╭──

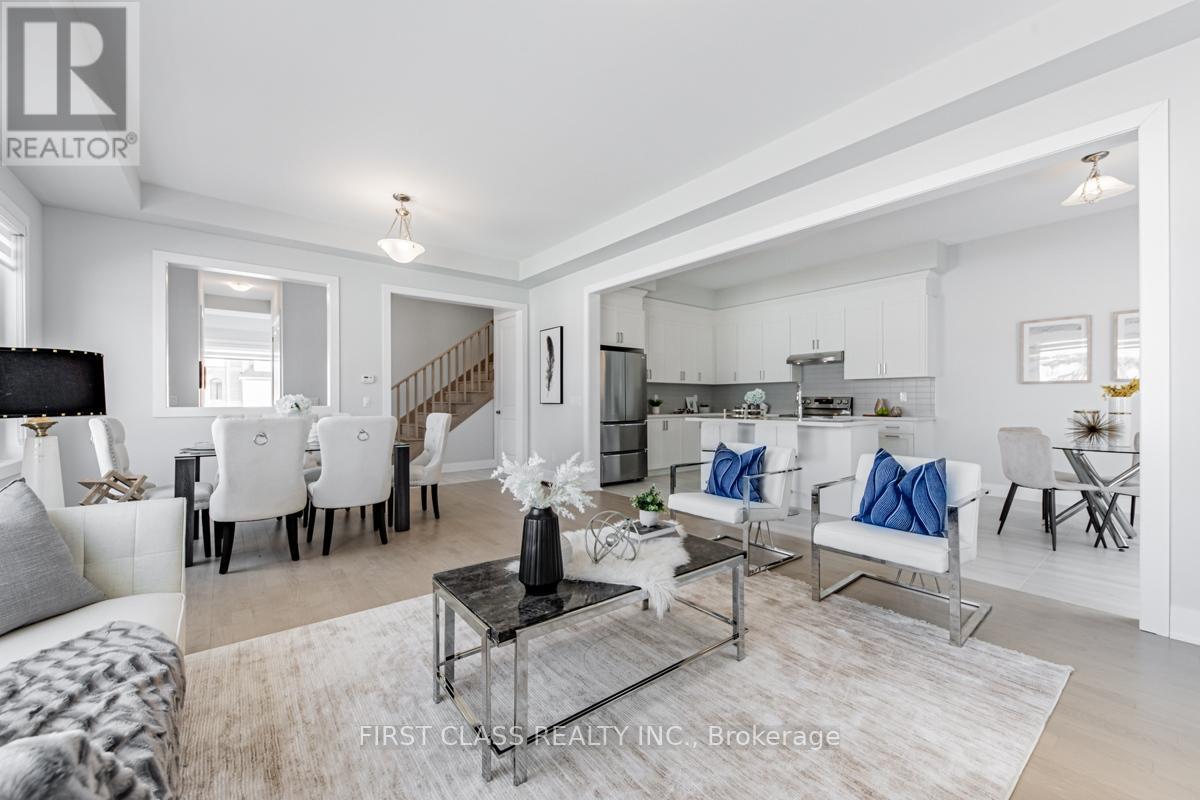 11 Godfrey Willis Drive, Markham, Ontario  L6C 3N2 - Photo 11 - N12207669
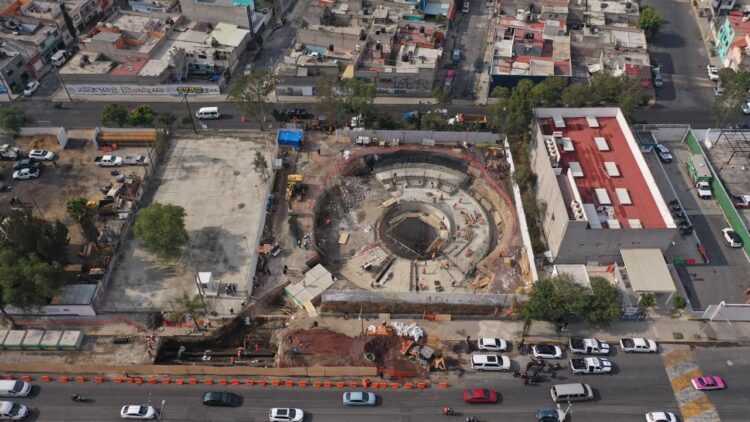 El municipio de Nezahualcóyotl reporta un avance del 65% en las obras para modernizar su infraestructura hidráulica.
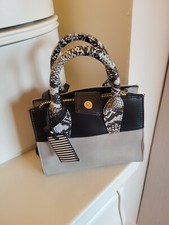 Handtasche grau schwarz KROKO Optik *** NEU *** Tragetasche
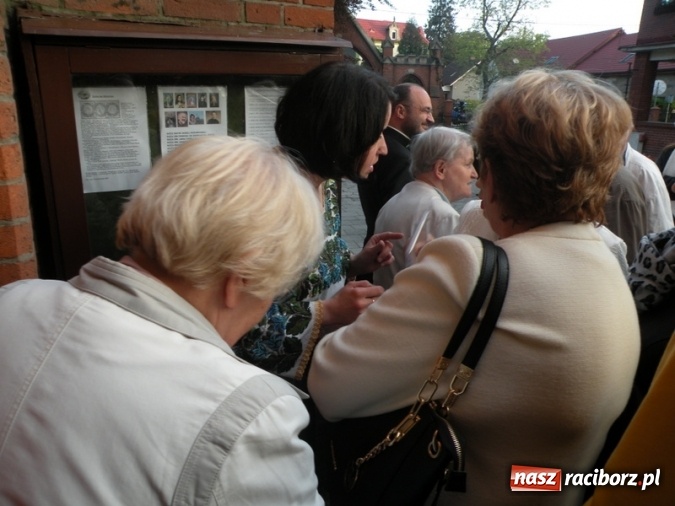 Zdjęcie w galerii na portalu naszraciborz.pl: Bandurzystki ze Lwowa zagrały dziś u św. Jana na Ostrogu wiadomości z regionu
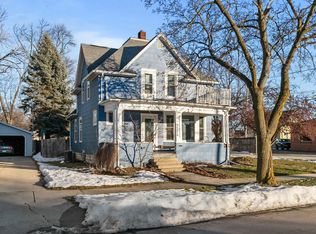 1314 N Superior St, Appleton, WI 54911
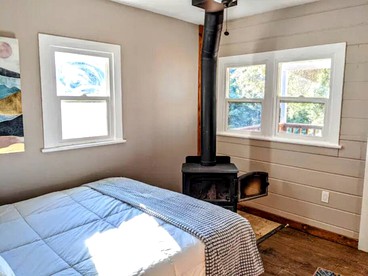 Tranquil Retreat in Santa Ysabel: Glamping Cabin with Nature's Beauty - Santa Ysabel, California - glamping.directory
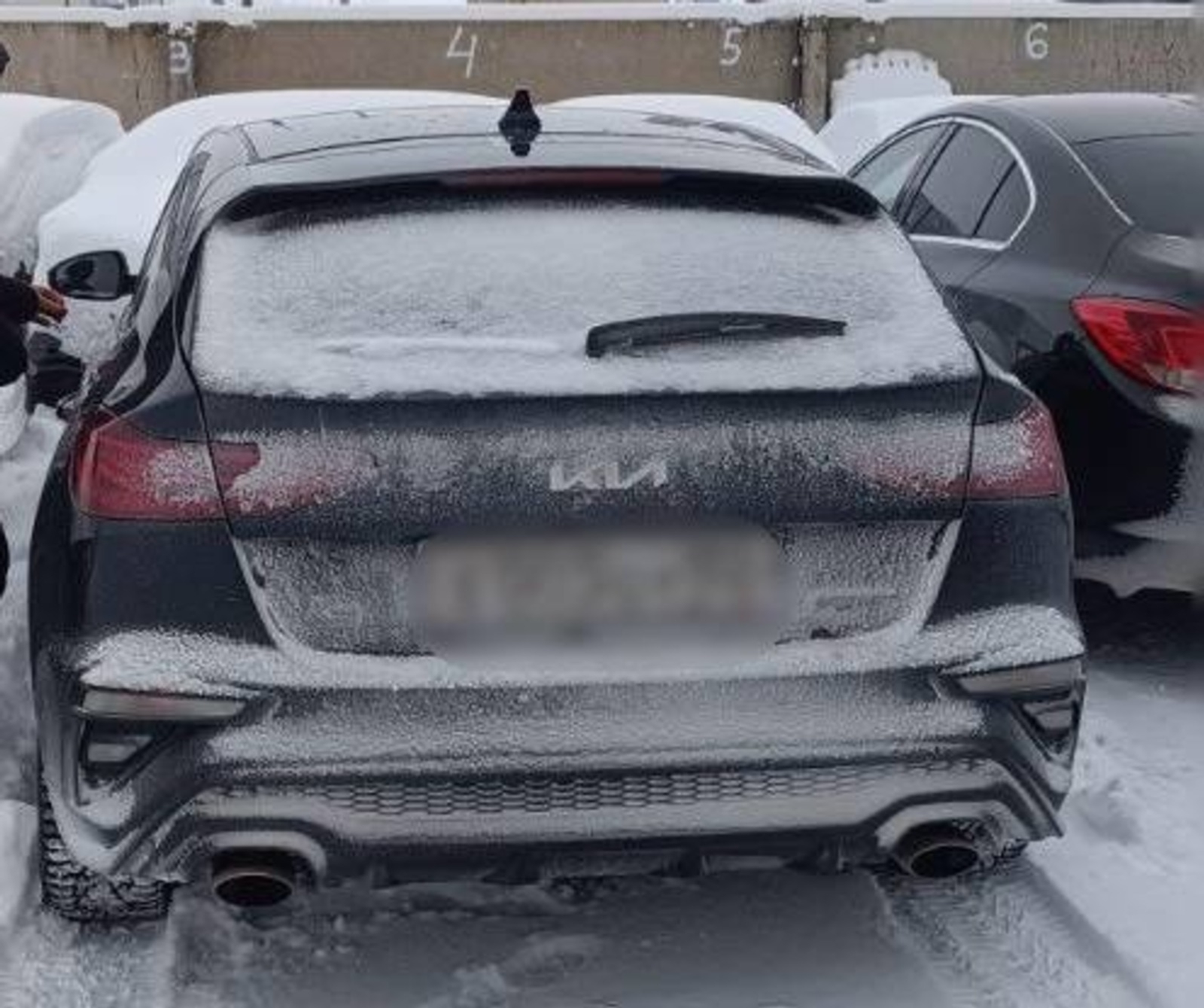 У бывшего замглавы района арестовали 13 квартир и 2 авто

╰──

Omit all pictures and repeat the rest of the records verbatim.

= RESPONSE AREA =
 11 Godfrey Willis Drive, Markham, Ontario  L6C 3N2 - Photo 11 - N12207669
 El municipio de Nezahualcóyotl reporta un avance del 65% en las obras para modernizar su infraestructura hidráulica.
 Handtasche grau schwarz KROKO Optik *** NEU *** Tragetasche
 Zdjęcie w galerii na portalu naszraciborz.pl: Bandurzystki ze Lwowa zagrały dziś u św. Jana na Ostrogu wiadomości z regionu
 1314 N Superior St, Appleton, WI 54911
 Tranquil Retreat in Santa Ysabel: Glamping Cabin with Nature's Beauty - Santa Ysabel, California - glamping.directory
 У бывшего замглавы района арестовали 13 квартир и 2 авто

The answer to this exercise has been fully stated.